**ASSIGNMENT:** Reproduce the section of the listing that begins at the line containing "this 652×400 image." and finishes at the line containing "this 845×633 image.". Include both end lines and nothing beyond them.

**DATA PROVIDED:**

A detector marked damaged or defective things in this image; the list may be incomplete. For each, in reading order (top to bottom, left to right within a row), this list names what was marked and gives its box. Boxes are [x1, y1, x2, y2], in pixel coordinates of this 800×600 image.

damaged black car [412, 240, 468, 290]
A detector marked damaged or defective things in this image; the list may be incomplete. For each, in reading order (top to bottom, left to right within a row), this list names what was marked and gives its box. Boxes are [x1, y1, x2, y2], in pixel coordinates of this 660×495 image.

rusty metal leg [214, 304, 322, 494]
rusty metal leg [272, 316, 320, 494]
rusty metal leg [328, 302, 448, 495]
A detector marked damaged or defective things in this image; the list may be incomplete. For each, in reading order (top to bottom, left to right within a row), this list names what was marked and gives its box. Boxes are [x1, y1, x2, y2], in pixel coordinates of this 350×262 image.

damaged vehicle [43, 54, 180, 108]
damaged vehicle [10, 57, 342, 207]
==
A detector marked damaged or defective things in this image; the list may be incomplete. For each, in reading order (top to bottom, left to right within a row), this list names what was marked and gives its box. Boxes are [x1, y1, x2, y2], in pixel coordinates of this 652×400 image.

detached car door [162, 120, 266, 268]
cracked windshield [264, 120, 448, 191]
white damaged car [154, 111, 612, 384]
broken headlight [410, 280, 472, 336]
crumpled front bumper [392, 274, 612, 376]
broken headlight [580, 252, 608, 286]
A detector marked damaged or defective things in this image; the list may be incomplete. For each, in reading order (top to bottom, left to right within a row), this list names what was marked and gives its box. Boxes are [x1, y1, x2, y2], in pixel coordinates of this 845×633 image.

**TASK RESULT:**
A detector marked damaged or defective things in this image; the list may be incomplete. For each, in reading order (top to bottom, left to right within a row), this list names what was marked and gives its box. Boxes are [x1, y1, x2, y2], in pixel coordinates of this 652×400 image.

detached car door [162, 120, 266, 268]
cracked windshield [264, 120, 448, 191]
white damaged car [154, 111, 612, 384]
broken headlight [410, 280, 472, 336]
crumpled front bumper [392, 274, 612, 376]
broken headlight [580, 252, 608, 286]
A detector marked damaged or defective things in this image; the list may be incomplete. For each, in reading order (top to bottom, left to right within a row), this list names what was marked and gives its box. Boxes are [x1, y1, x2, y2], in pixel coordinates of this 845×633 image.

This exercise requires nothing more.